Oleh Budi Siswanto
Salam _/\_ Rahayu
Tuhan dalam Pandangan Kawruh
Jendra Hayuningrat : Ia adalah sang Sangkan sekaligus sang Paran, karena itu
juga disebut Sang Hyang Sangkan Paran. Ia hanya satu, tanpa kembaran. Dalam
bahasa Jawa dikatakan Pangeran iku mung sajuga, tan kinembari. Kawruh Jendra
Hayuningrat biasa menyebut “Pangeran” artinya raja (Jendra), sama dengan
pengertian “Ida Ratu” di Bali. Masyarakat tradisional sering mengartikan
“Pangeran” dengan “kirata basa”. Katanya pangeran berasal dari kata
“pangengeran”, yang artinya “tempat bernaung atau berlindung”, yang di Bali
disebut “sweca”. Sedang wujudNYA tak tergambarkan, karena pikiran tak mampu
mencapaiNYA dan kata-kata tak dapat menerangkanNYA.
Didefinisikan pun tidak
mungkin, sebab kata-kata hanyalah produk dari pikiran sehingga tidak dapat
digunakan untuk menggambarkan kebenaranNYA. Karena itu Kawruh Jendra
Hayuningrat menyebutnya “tan kena kinaya ngapa” (tak dapat disepertikan atau di
gambarkan). Artinya sama dengan sebutan “Acintya” dalam ajaran Hindu. Terhadap
Tuhan, manusia hanya bisa memberikan sebutan sehubungan dengan perananNYA.

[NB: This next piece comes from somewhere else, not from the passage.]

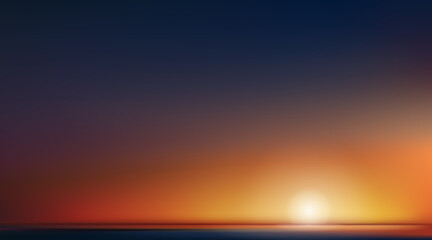 Wall Mural - sunset sky background,evening sky,cloud over beach in summer,vector illustration panoramic landscape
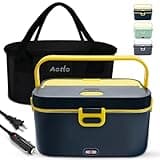 Aotto Electric Lunch Box 2L, 90W Fast Heating (12V/24V/110V) Heated Portable Food Warmer for Car/Truck/Office – Stainless Steel Container, Insulated Carry Bag – Ideal for Adults, Men, Women, Blue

Karena itu kepada NYA diberikan banyak sebutan, misalnya : Gusti Kang Karya
Jagad (Sang Pembuat Jagad), Gusti Kang Gawe Urip (Sang Pembuat Kehidupan),
Gusti Kang Murbeng Dumadi (Penentu nasib semua mahluk), Gusti Kang Maha Agung
(Tuhan Yang Maha Besar) dan lain-lain. Sistem pemberian banyak nama kepada
Tuhan sesuai perananNYA ini sama seperti dalam ajaran Hindu. “Ekam Sat Viprah Bahuda
Vadanti” artinya “Tuhan itu satu tetapi para bijak menyebutNYA dengan banyak
nama”. Dalam Ajaran Islam kita mengenal dengan istilah Nama-nama besar Allah
atau Asma’ul Husnah.
Hubungan Tuhan dengan Ciptaannya.
Tentang hubungan Tuhan dengan
ciptaanNYA, Kawruh Jendra Hayuningrat menyatakan bahwa Tuhan menyatu dengan
ciptaanNYA. Persatuan antara Tuhan dan ciptaannya itu digambarkan sebagai
“curiga manjing warangka, warangka manjing curiga”, seperti keris masuk ke
dalam sarungnya, seperti sarung memasuki kerisnya. Meski ciptaannya selalu
berubah atau “menjadi” (dumadi), Tuhan tidak terpengaruh oleh perubahan yang
terjadi pada ciptaanNYA. Dalam kalimat puitis Kawruh Jendra Hayuningrat mengajarkan:
Pangeran nganakake geni manggon ing geni nanging ora kobong dening geni,
nganakake banyu manggon ing banyu ora teles dening banyu. Artinya, Tuhan mengadakan
api, berada dalam api, namun tidak terbakar, mencipta air bertempat di air
tetapi tidak basah. Sama dengan pengertian wyapi, wyapaka dan nirwikara dalam
agama Hindu. Oleh karena itu Tuhan pun disimbolkan sebagai bunga “teratai” atau
“sekar tunjung”, yang tidak pernah basah dan kotor meski bertempat di air
keruh. Ceritera tentang Bima bertemu dengan “Hanoman”, kera putih lambang
kesucian batin, dalam usahanya mencari “tunjung biru” atau “teratai biru’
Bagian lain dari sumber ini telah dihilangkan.